Of all the creepy, crawly, critters I have encountered, ticks are one of the few that really give me the heebie-jeebies. They are sneaky little things that live to feed on the blood of animals. They can transmit diseases including: Rocky Mountain spotted fever (RMSF), lyme disease, anaplasmosis, and ehrlichiosis. I would like to avoid all of those things and I’m sure you do as well. So, how do we do that?
Peak tick season lasts from mid-April to mid-July and ticks thrive in areas like forests and brush. They set up camp and wait to hitch a ride on a passing animal or pant leg. Then they explore their host for a nice place to latch on and feed. If you will be spending time in this habitat, do what you can to keep ticks from crawling into secluded places on your body. Wear long sleeves, tuck shirts into pants, tuck pants into socks, wear light colored clothes so you can spot a hitch hiking tick, and apply insect repellent. To repel ticks use a formulation that contains at least 25% DEET. Even if you do all of these things, you may still have a tick by the end of the day, so perform tick checks frequently. One of the most common places to find a tick is on the scalp or nape of the neck. Pets often pick up ticks too, so check them as well before coming inside.
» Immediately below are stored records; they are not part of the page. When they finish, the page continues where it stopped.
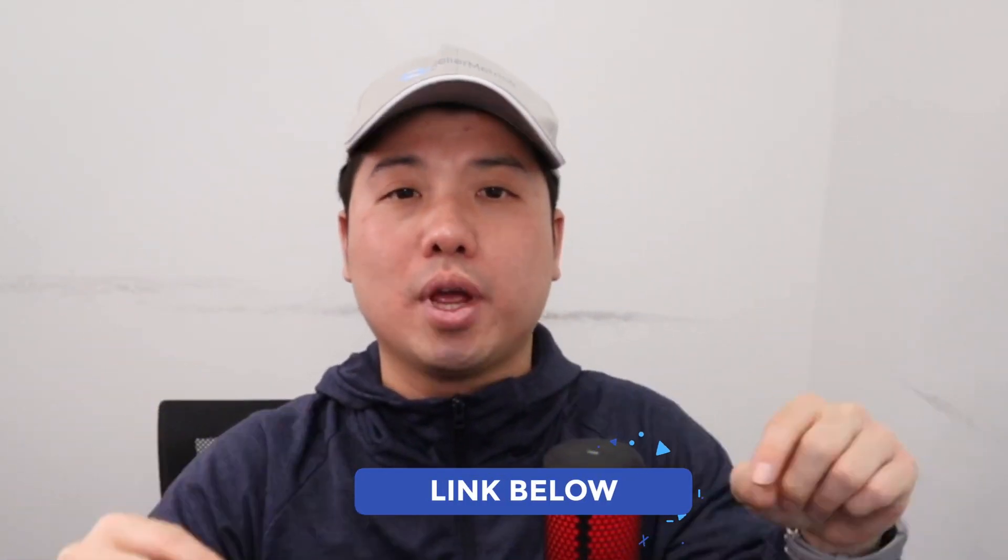I really hope that you enjoyed this video. If you're an Amazon seller and want to grow your business using Amazon PPC, schedule a call with me on the link below. Until the next video, happy selling.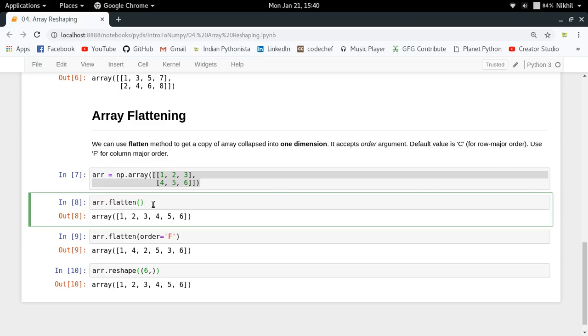That's all about array reshaping in NumPy. I hope the concepts are clear — if you still have any doubts, put them in the comment section below. Thanks for watching!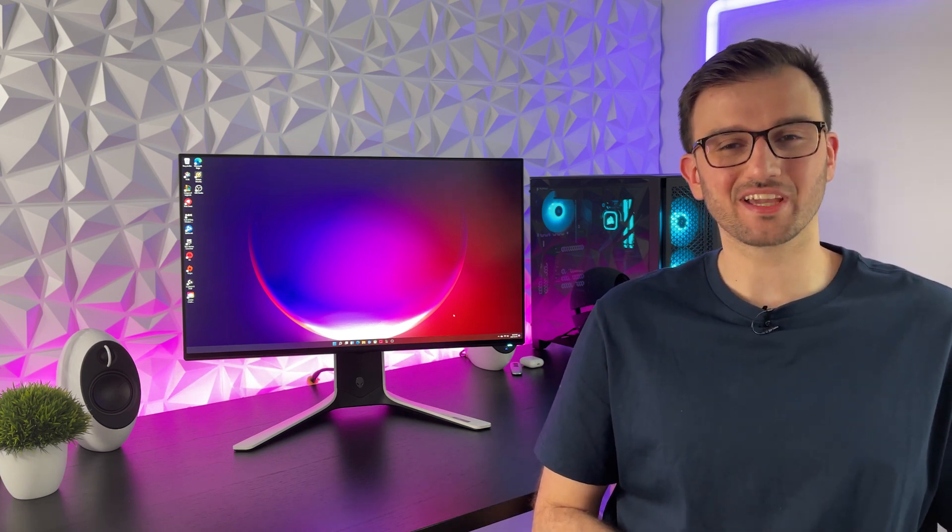Hey everyone, it's Smotech Reviews, and today we're going to be taking a look at the Alienware AW2721D.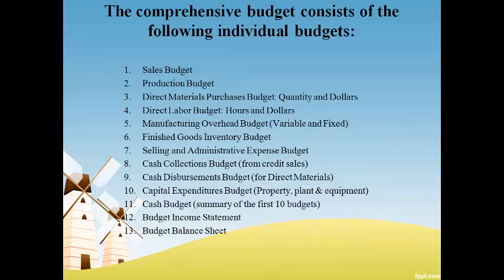The comprehensive master budget consists of 13 individual budgets. The first 10 are summarized on the cash budget, which pulls them all together to forecast the amount of cash that must be borrowed or can be invested each month. The budget income statement and the balance sheet are also prepared using the information from the individual budgets.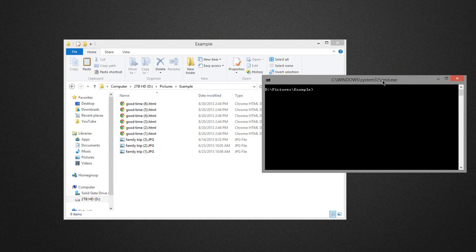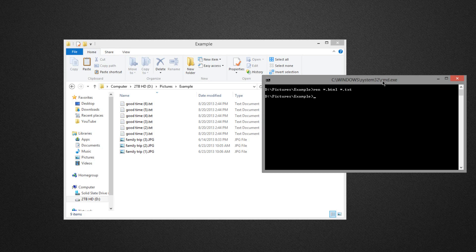Then simply type in this code: ren, space, asterisk, and then the format you want to switch from. So for me: asterisk dot html, space, asterisk dot txt. This will switch all my HTML files to text files. Press Enter and you can see instantly they're all switched over.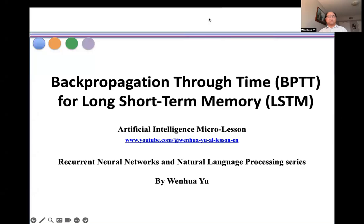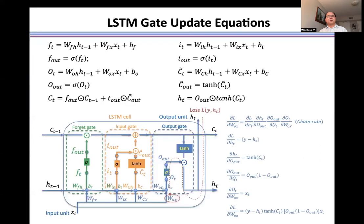In this video, I introduce back propagation through time for long short-term memory. Here is one LSTM cell, which includes three gates: the forget gate, input gate, and the output gate.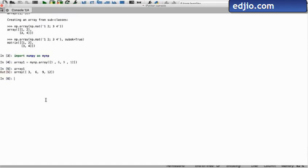We may also obtain the data type of the elements in this new array by using the dtype attribute. Here we see that this array contains 64 bit integer elements.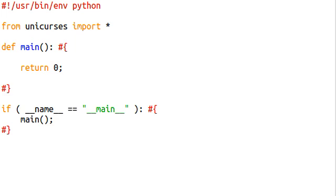What is going on, ladies and gentlemen? Rooted and all here, coming back at you with some more Python code, and we're still on the NCurses bandwagon.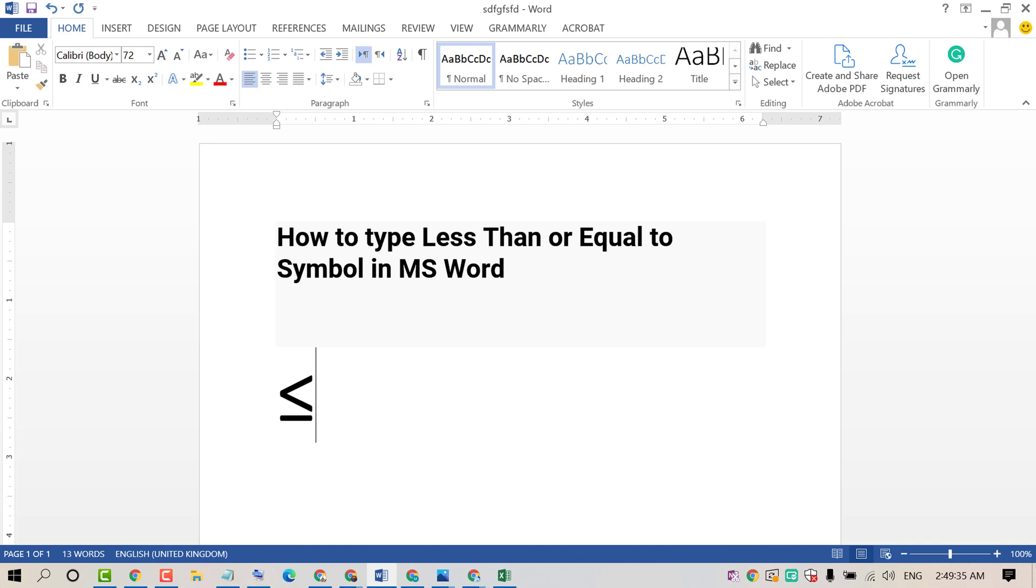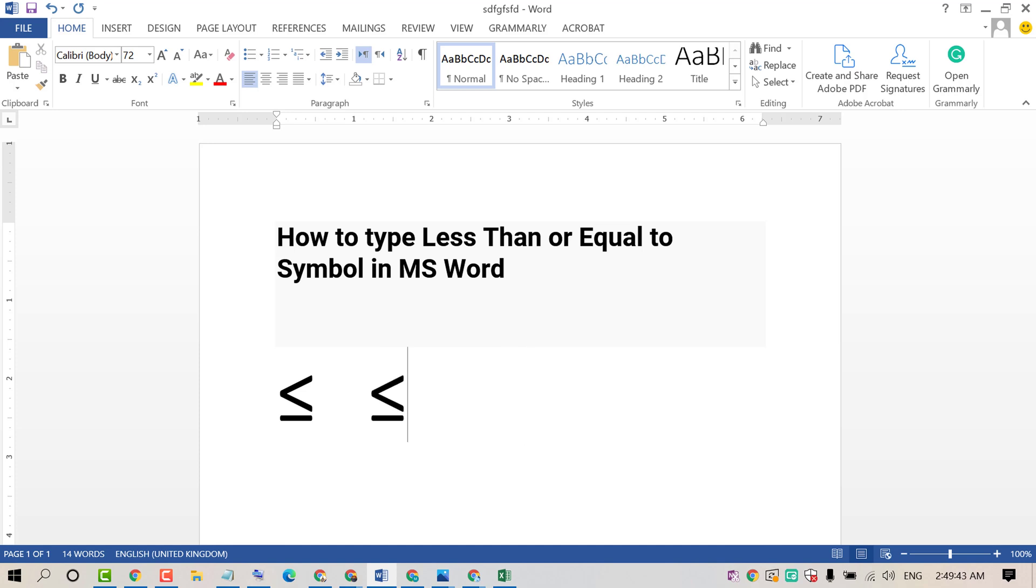That's it. So a very quick method: type 2264, press Alt key plus X.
If you find an attached tick, remove it promptly by grasping the body firmly (using tweezers is best), as close to your skin as possible, and use steady pressure to pull it straight out. If the mouthparts of the tick separate from the body, do not try to dig them out from your skin, this could lead to a secondary bacterial infection. Disinfect the area and apply a topical antibiotic. Preserve the tick in a sealed container of hand sanitizer, rubbing alcohol, or wrapped in an alcohol wipe, in case identification of the species is necessary later. If you experience a fever or flu-like symptoms following a tick bite, seek a doctor for consultation and take the preserved tick with you.
Ohio is home to four species of ticks, three of which are medically important: the American dog tick-vector of RMSF , the blacklegged tick (or deer tick)-vector of lyme disease, and the lone star tick-vector of ehrlichiosis. The brown dog tick is uncommon and not a vector of disease, but it is the only tick that can become established inside homes with dogs.